| 2004.01.28 | 家庭用1kW級燃料電池コージェネレーションシステム準商用機 -2型の開発完了−大阪ガス株式会社との共同開発成果− |
株式会社荏原製作所 荏原バラード株式会社(以下、荏原バラード)は大阪ガス株式会社(以下、大阪ガス)との家庭用固体高分子形燃料電池(PEFC)コージェネレーションシステムの共同開発契約(2003年7月1日締結)に基づき、大阪ガスの技術に基づく燃料改質装置および排熱利用ユニットを組み合わせた家庭用1kW級固体高分子形燃料電池コージェネレーションシステムの準商用機-2型の開発を完了し、2003年12月にフィールドテスト用として大阪ガスに出荷いたしました。 荏原バラードは2001年10月から大阪ガス、荏原バラード、株式会社荏原製作所(以下、荏原)、バラード・パワー・システムズ社(以下、バラード社)と24時間連続運転が可能な家庭用燃料電池コージェネレーションシステム用燃料改質装置についての共同研究を行っておりました。この共同研究では、大阪ガスの技術供与を受け荏原バラードが製作した燃料改質装置を搭載した家庭用燃料電池コージェネレーションシステム開発の着実な成果を挙げてきました。 準商用機-2型は共同研究の開始以来3世代目に該当し、荏原が得意とする小型汎用機器の開発などで培ったテクノロジーと、固体高分子形燃料電池の世界的なパイオニアであるバラード社が開発した最新鋭の燃料電池スタックの技術を有機的に組み合わせたシステムです。また排熱利用システムには家庭における省エネルギー効果を最大限に発揮させるため、大阪ガスと締結した新たな排熱利用に関する共同開発に基づき、最適運用制御が組み込まれています。 送電端発電効率は35%(LHV*1基準)、熱回収率は55%を達成、これにより家庭における分散型エネルギーシステムとして、一次エネルギーの削減と地球環境負荷の低減に寄与する設備として実用化に近づきました。 今後は2006年の商用機販売開始を目標に、家庭用燃料電池コージェネレーションシステムの普及に向けた信頼性・耐久性の向上ならびにコストダウンに取り組みます。 【PEFCコージェネレーションシステムの準商用機-2型の主な仕様】
【参考】 ●固体高分子形燃料電池(PEFC - Polymer Electrolyte Fuel Cell) PEFC は電解質に固体高分子膜を使用した低温作動型(約70℃)の発電装置です。水素あるいは都市ガスなどからつくった水素を主成分とするガスと、空気中の酸素を化学反応させ、電気と熱(温水)をつくり出すことができます。小型、軽量、低コスト、高信頼性などの特徴を持ち、定置用以外でも自動車用およびポータブル用として注目されています。バラード社は、PEFCの開発・製造における世界のトップメーカーです。 ●荏原バラード株式会社 荏原製作所が51%、バラード・パワー・システムズ社が49%を出資して、1998年12月に設立された合弁会社。PEFCの開発・製造における世界のトップメーカーであるバラード社の技術と、荏原のエンジニアリング・製造技術を有機的に組み合わせて家庭用・業務用の燃料電池事業を展開している。荏原バラードはバラード社の PEFCを使用した定置式発電システムを日本国内において製造・販売・サービスする独占権を有している。

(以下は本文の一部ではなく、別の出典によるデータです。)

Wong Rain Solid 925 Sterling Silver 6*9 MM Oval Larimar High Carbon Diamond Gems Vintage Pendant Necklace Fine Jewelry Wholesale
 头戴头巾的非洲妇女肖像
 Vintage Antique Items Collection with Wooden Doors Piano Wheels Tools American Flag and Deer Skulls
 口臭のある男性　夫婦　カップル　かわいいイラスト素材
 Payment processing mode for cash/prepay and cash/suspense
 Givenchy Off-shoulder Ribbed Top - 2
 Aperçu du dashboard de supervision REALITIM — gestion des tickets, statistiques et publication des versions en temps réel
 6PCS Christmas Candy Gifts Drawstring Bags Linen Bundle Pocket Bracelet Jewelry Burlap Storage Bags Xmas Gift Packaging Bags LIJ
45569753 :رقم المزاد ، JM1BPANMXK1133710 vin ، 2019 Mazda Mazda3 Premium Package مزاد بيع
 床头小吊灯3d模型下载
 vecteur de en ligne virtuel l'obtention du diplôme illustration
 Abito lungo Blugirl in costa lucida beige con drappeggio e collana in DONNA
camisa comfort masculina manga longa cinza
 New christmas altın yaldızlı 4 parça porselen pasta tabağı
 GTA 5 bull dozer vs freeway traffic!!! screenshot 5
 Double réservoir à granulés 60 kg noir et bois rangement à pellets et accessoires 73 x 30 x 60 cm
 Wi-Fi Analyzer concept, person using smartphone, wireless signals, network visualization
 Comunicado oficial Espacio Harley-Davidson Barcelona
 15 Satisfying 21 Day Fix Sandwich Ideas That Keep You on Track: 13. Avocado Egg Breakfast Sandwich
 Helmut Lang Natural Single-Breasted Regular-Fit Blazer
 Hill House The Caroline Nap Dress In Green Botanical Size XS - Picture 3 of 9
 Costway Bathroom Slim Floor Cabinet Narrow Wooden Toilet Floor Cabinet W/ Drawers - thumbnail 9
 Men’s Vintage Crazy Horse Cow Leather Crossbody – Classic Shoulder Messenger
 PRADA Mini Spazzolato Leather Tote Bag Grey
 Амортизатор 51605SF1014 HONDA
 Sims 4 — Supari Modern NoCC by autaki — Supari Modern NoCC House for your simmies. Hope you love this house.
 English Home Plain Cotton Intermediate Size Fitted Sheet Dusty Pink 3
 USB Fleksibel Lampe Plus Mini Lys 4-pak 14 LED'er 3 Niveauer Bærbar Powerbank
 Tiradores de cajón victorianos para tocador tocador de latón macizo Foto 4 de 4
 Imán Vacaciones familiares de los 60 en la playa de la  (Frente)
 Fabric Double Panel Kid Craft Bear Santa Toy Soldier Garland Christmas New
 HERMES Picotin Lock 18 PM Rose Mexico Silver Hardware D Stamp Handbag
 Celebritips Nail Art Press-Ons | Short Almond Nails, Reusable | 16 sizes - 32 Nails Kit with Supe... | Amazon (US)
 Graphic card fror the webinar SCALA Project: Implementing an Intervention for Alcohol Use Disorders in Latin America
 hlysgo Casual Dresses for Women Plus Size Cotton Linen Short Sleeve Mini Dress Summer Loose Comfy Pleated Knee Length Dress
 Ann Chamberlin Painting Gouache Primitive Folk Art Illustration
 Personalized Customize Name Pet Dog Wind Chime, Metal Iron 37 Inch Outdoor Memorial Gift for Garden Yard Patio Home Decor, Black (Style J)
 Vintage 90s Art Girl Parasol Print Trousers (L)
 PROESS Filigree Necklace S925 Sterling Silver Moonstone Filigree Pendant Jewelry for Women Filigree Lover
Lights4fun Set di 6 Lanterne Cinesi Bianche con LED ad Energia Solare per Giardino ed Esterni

●株式会社荏原製作所 1920年機械メーカーとして設立。ポンプ製造では国内のトップメーカーである。近年、環境共生(ゼロエミッション)型企業を目指し、環境関連の総合エンジニアリングに力を入れるとともに、半導体製造装置を開発・製造するなど精密電子機器分野にも進出。環境関連ではエネルギー事業にも力を入れ、現在注目されている燃料電池のほか風力発電や太陽光発電事業も行なっている。燃料電池事業については、1998年12月に荏原バラード(株)を設立、2001年にはバラード社に投資を行なっている。
●Ballard Power Systems, Inc. (バラード・パワー・システムズ社) バラード社は、PEFCの開発および製造において世界のリーダー的企業であるばかりでなく、すでに、自動車用、定置用およびポータブル用の商用機としての PEFCの販売を開始している。また、燃料電池自動車と電気自動車用の駆動システムの販売も行なっている。現在、バラード社は、ダイムラークライスラー、フォード、荏原、アルストームなどの各国の有力企業とのパートナーシップに基づき、PEFC及びその関連製品の商業化を進めている。また、本田技研工業、三菱自動車、フォルクスワーゲン、ヤマハ、シナジー社などにもPEFCを供給している。